(Data excerpts)
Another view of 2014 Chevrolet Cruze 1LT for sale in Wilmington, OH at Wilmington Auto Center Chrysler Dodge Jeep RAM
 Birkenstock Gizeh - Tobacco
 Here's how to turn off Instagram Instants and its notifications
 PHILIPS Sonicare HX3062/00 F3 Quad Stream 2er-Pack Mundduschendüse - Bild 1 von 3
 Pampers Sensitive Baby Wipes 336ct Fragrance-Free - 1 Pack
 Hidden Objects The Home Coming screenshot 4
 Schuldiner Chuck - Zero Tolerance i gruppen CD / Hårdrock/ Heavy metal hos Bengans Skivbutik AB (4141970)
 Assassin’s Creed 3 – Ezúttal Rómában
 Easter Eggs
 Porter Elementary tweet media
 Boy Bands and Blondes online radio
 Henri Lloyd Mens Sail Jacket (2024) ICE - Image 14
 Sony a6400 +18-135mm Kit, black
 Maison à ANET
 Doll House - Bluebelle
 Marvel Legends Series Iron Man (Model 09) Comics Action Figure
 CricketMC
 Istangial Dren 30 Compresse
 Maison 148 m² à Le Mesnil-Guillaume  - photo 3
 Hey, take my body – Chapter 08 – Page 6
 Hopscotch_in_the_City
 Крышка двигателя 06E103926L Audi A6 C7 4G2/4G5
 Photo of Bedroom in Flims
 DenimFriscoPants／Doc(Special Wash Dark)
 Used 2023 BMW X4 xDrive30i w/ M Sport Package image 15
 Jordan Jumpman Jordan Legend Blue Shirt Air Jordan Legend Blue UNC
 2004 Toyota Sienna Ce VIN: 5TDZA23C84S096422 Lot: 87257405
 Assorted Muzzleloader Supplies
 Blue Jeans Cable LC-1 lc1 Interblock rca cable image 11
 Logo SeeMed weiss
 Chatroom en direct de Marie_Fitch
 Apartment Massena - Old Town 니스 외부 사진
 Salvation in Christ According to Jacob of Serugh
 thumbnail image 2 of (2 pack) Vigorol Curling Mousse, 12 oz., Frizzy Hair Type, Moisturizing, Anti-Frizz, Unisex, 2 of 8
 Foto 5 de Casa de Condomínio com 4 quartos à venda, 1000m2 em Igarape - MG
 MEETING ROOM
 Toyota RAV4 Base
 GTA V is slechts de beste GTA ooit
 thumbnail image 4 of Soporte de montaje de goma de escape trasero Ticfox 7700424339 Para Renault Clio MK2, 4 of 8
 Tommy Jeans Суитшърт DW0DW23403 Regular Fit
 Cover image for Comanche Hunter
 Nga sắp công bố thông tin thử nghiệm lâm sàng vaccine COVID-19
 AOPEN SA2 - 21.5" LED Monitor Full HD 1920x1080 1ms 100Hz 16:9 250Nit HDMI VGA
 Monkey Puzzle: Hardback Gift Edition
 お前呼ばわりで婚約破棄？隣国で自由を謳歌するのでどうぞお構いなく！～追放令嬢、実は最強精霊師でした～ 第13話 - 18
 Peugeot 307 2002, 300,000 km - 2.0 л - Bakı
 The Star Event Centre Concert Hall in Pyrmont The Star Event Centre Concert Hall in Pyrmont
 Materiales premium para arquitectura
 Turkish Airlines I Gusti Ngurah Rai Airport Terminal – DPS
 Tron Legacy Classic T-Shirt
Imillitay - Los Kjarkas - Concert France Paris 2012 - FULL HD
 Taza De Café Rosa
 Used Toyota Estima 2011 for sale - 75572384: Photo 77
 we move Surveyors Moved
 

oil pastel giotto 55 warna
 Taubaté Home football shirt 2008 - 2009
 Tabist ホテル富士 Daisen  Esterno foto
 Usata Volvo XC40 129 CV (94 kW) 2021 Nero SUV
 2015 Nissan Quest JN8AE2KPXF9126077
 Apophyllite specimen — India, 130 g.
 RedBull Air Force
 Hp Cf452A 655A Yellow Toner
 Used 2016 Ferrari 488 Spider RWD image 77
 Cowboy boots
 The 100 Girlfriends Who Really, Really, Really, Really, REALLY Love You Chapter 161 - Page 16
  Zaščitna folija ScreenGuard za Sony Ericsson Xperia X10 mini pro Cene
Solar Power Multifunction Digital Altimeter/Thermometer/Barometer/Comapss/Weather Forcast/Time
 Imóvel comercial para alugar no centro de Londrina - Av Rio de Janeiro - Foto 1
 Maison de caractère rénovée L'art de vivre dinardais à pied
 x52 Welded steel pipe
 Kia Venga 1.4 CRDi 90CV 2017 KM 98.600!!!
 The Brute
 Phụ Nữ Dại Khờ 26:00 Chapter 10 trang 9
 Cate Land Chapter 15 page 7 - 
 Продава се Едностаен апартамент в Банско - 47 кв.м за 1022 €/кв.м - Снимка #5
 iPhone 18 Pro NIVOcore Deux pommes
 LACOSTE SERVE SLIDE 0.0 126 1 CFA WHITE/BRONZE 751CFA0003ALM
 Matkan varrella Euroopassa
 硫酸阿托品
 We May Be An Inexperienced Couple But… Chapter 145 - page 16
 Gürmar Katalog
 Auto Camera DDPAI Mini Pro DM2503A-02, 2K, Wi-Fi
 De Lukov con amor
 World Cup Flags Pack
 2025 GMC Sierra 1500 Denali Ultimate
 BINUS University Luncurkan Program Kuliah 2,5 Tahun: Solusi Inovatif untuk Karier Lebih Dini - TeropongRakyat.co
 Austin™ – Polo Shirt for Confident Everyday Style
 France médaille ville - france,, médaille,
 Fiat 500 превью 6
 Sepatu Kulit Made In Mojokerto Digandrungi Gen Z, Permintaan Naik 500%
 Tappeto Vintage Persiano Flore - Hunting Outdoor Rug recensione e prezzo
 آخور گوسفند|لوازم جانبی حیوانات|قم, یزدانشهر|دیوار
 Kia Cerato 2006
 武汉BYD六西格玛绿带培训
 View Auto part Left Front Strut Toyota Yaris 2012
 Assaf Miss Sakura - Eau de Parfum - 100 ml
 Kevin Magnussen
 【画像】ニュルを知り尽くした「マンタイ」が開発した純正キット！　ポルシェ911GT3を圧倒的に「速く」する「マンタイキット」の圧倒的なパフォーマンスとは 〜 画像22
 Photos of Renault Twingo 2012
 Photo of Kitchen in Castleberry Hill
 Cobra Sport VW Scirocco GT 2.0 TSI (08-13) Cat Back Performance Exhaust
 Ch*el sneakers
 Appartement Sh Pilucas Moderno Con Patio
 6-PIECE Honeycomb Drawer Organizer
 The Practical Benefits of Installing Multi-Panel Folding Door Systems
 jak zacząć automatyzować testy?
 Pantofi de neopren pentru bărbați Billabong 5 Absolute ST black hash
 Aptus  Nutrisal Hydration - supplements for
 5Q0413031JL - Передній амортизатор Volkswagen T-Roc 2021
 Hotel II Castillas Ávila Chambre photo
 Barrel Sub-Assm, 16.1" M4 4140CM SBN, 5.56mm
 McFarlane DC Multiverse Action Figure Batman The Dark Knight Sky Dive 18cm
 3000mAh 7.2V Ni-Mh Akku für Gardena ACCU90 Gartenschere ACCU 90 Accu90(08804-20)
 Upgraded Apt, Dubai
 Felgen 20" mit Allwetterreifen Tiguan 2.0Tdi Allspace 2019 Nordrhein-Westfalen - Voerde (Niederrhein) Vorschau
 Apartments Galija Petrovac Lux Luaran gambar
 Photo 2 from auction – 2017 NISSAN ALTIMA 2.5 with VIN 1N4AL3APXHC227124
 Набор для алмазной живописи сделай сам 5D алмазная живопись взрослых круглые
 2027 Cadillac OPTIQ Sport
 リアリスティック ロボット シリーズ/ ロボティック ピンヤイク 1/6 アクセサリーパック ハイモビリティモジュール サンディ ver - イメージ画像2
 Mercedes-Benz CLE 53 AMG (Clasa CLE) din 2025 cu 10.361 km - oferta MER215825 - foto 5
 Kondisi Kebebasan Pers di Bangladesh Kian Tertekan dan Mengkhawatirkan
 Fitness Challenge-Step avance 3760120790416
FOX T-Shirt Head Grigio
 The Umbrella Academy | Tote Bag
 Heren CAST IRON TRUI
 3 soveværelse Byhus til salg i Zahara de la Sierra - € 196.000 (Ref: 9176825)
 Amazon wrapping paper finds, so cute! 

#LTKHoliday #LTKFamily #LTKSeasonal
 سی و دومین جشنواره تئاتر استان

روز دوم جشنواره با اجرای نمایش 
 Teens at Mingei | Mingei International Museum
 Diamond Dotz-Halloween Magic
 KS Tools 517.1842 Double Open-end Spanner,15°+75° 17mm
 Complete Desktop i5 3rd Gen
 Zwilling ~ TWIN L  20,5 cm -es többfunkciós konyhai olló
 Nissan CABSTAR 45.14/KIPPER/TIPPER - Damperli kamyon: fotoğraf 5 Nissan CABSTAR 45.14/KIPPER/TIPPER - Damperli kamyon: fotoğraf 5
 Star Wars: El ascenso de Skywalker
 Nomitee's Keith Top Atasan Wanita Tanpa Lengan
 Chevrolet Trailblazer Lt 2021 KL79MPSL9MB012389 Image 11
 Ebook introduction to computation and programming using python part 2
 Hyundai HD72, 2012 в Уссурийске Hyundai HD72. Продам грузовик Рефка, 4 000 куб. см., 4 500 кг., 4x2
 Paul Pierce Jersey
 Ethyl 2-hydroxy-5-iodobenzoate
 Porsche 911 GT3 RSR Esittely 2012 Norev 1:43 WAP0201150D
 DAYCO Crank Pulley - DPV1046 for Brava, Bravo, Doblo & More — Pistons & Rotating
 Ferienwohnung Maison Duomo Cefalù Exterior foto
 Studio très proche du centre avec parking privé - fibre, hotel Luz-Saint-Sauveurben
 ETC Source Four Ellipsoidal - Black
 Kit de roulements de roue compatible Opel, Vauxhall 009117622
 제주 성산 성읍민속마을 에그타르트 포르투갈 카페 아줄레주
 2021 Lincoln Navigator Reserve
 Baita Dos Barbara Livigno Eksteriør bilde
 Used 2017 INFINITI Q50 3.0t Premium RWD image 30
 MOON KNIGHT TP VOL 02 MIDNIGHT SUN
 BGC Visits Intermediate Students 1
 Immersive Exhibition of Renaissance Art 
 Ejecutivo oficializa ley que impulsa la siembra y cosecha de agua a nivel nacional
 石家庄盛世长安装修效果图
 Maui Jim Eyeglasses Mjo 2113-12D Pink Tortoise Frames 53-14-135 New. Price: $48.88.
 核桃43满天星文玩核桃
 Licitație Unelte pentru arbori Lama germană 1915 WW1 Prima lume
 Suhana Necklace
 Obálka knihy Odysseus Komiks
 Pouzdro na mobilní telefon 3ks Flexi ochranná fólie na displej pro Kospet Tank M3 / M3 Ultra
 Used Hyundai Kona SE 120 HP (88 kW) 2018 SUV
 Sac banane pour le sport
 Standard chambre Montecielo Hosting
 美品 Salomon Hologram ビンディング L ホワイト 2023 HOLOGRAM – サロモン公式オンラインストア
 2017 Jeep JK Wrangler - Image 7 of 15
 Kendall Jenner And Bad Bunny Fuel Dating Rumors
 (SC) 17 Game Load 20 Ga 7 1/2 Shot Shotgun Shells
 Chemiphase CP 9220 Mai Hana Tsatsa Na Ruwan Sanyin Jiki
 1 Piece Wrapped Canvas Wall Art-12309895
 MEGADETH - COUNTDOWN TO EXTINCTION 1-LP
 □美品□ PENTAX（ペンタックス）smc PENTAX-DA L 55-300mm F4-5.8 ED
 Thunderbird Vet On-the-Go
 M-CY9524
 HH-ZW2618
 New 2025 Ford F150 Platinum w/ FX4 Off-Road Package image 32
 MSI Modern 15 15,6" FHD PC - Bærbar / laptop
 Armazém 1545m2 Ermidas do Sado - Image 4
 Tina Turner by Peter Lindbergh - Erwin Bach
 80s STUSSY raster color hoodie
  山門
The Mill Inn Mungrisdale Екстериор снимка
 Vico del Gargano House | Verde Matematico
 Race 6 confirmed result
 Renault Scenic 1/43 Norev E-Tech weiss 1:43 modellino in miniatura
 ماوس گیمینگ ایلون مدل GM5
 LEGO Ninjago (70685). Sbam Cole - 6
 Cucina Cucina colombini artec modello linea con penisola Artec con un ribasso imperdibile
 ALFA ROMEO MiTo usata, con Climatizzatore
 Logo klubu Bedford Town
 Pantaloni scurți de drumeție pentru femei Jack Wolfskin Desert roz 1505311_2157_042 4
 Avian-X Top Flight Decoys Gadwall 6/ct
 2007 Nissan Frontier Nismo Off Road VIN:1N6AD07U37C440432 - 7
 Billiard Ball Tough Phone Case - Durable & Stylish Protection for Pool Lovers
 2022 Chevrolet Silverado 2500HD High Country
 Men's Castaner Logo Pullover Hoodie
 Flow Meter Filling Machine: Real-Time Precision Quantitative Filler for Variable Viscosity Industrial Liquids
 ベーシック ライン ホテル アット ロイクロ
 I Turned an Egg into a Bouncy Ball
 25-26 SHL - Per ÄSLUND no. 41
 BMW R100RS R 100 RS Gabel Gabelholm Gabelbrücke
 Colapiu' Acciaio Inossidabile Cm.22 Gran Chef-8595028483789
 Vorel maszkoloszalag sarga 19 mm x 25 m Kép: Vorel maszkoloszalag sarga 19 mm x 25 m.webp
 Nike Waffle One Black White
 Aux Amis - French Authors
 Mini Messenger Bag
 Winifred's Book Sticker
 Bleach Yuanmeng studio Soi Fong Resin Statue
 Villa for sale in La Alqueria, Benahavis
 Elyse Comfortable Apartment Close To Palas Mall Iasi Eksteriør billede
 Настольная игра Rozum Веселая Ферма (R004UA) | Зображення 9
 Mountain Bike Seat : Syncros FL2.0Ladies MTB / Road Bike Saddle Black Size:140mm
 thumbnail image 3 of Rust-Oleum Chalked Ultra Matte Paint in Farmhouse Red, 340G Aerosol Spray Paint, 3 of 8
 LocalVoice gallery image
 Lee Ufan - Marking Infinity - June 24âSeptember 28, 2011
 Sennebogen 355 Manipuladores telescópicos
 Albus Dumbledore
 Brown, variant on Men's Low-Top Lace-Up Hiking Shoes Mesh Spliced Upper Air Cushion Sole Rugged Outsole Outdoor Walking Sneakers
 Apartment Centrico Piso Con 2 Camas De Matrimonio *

▶ **Work to be completed**
From the entries above, extract only the lines running from the one containing "Photos of Renault Twingo 2012" through the one containing "5Q0413031JL - Передній", inclusive.

▶ **Solution**
 Photos of Renault Twingo 2012
 Photo of Kitchen in Castleberry Hill
 Cobra Sport VW Scirocco GT 2.0 TSI (08-13) Cat Back Performance Exhaust
 Ch*el sneakers
 Appartement Sh Pilucas Moderno Con Patio
 6-PIECE Honeycomb Drawer Organizer
 The Practical Benefits of Installing Multi-Panel Folding Door Systems
 jak zacząć automatyzować testy?
 Pantofi de neopren pentru bărbați Billabong 5 Absolute ST black hash
 Aptus  Nutrisal Hydration - supplements for
 5Q0413031JL - Передній амортизатор Volkswagen T-Roc 2021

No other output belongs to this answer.